→ **PROBLEM REQUIREMENTS**
From the entries below, reproduce exactly the lines from the one with "2500 72nd St W, Lehigh Acres, FL 33971" through the one with "NEW LENOX Holiday", both included, without images.

→ **RECORDS SUPPLIED**

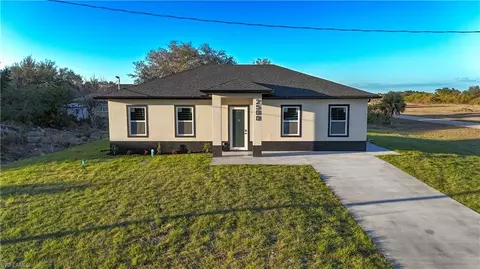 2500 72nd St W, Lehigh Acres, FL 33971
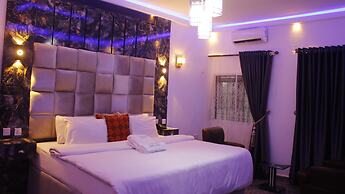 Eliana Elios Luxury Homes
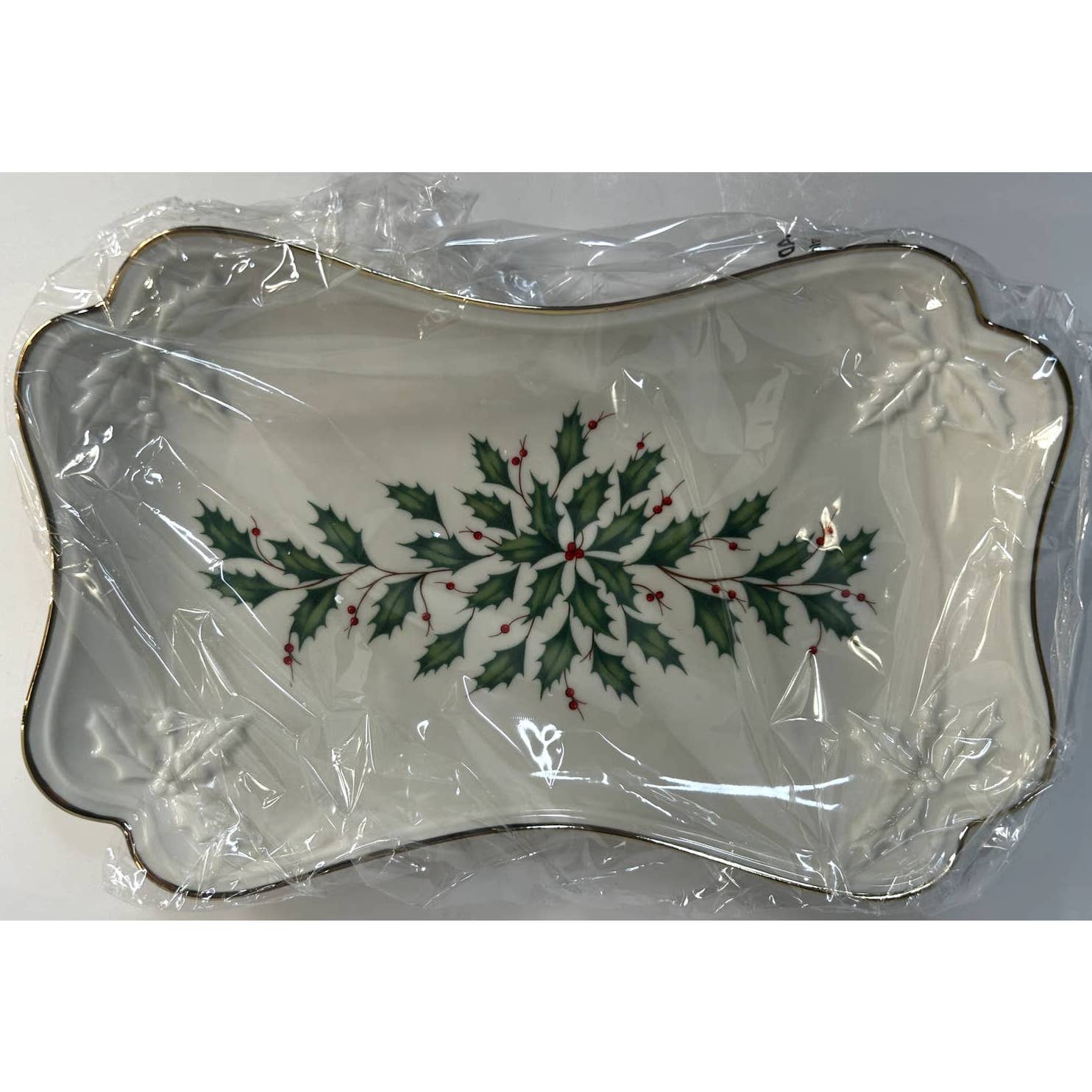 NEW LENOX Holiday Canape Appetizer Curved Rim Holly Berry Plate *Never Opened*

* * *

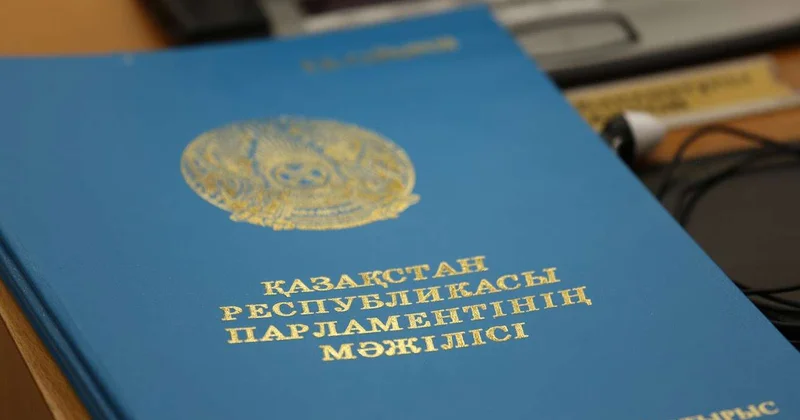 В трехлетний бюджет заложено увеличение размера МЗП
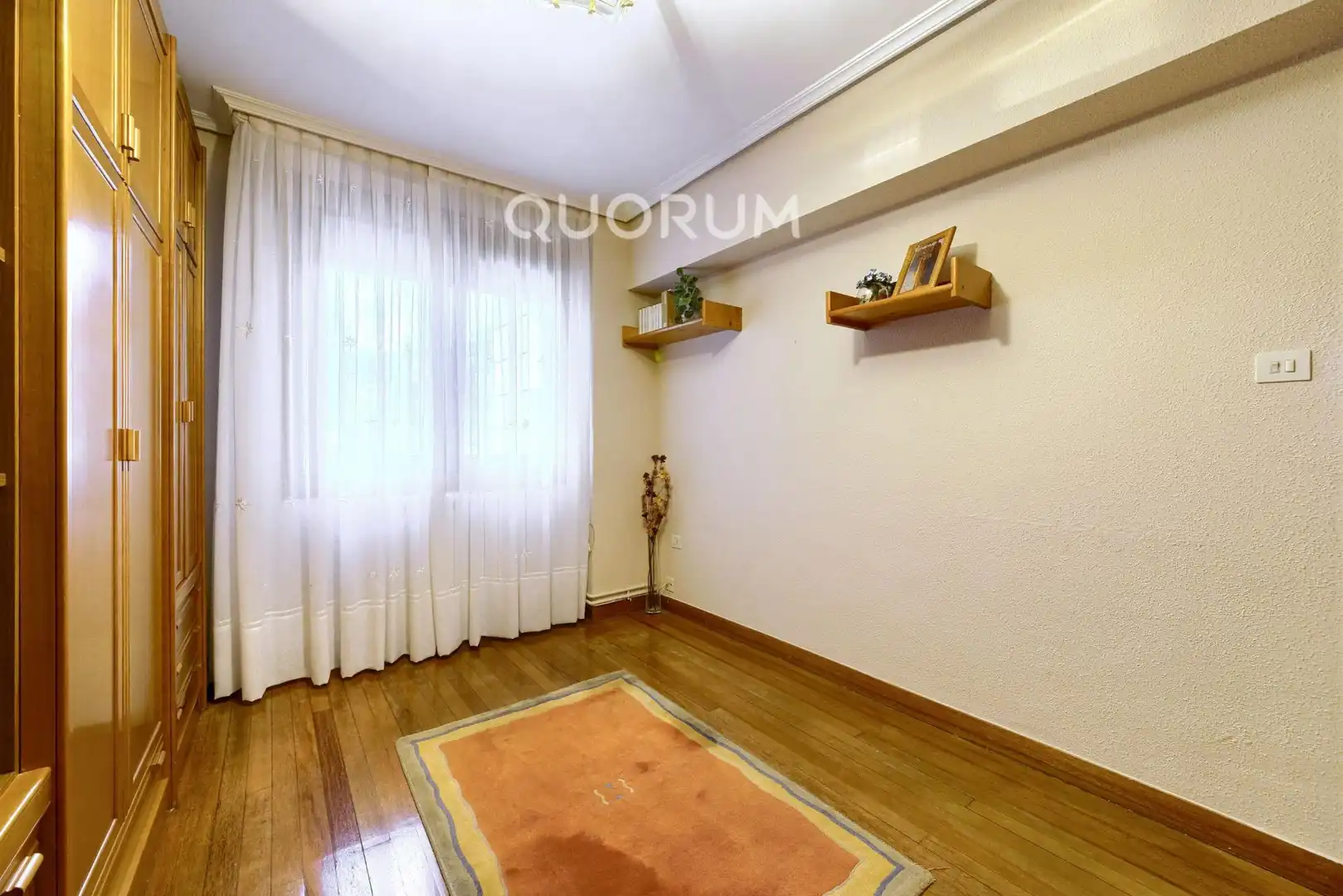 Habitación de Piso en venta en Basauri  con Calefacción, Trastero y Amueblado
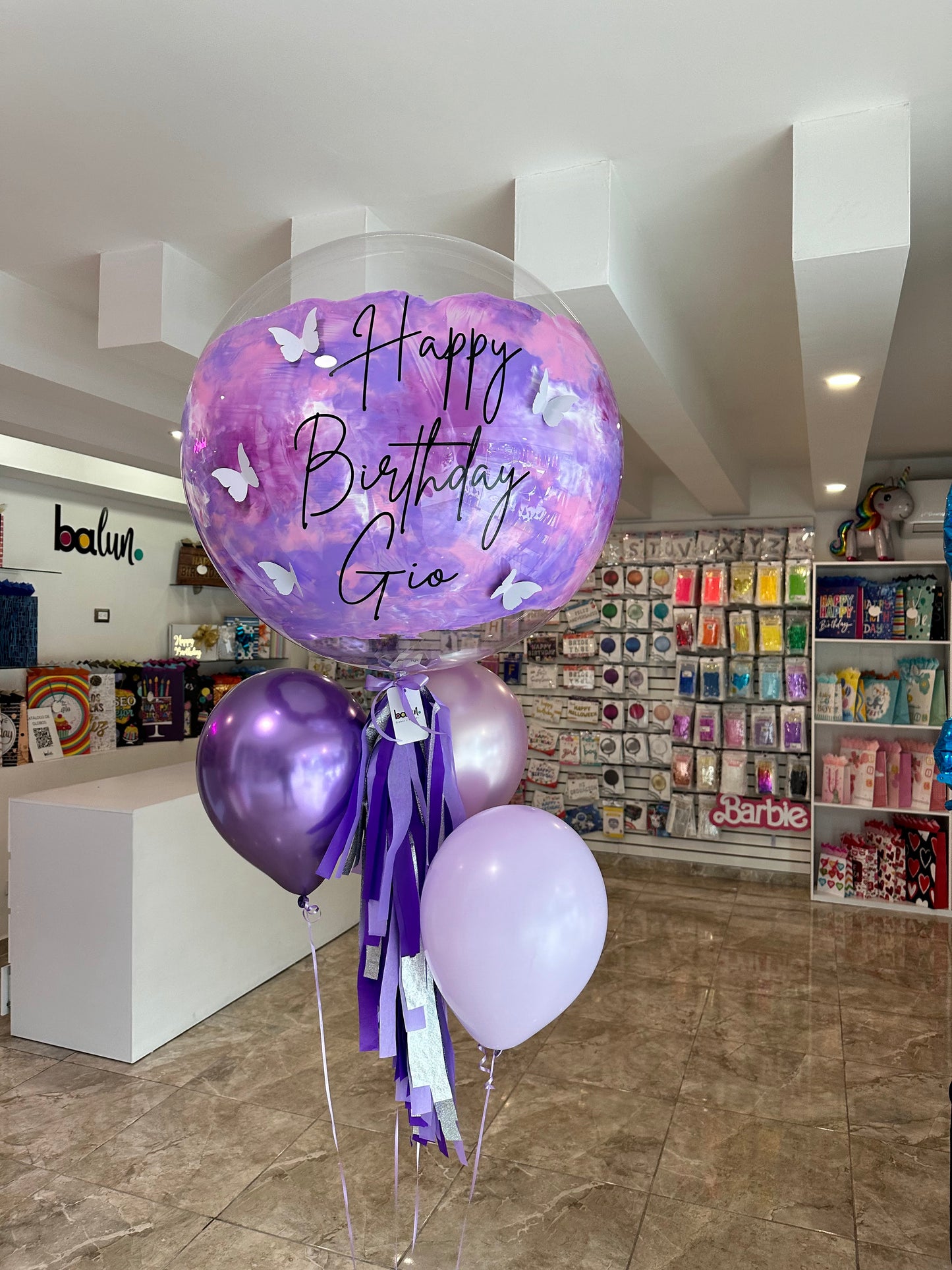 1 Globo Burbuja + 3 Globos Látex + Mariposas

==

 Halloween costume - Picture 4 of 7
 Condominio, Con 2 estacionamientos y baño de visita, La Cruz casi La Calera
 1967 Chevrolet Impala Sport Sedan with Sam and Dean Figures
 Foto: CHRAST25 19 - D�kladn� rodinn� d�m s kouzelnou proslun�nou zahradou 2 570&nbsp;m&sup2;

→ **ANSWER SPACE**
 2500 72nd St W, Lehigh Acres, FL 33971
 Eliana Elios Luxury Homes
 NEW LENOX Holiday Canape Appetizer Curved Rim Holly Berry Plate *Never Opened*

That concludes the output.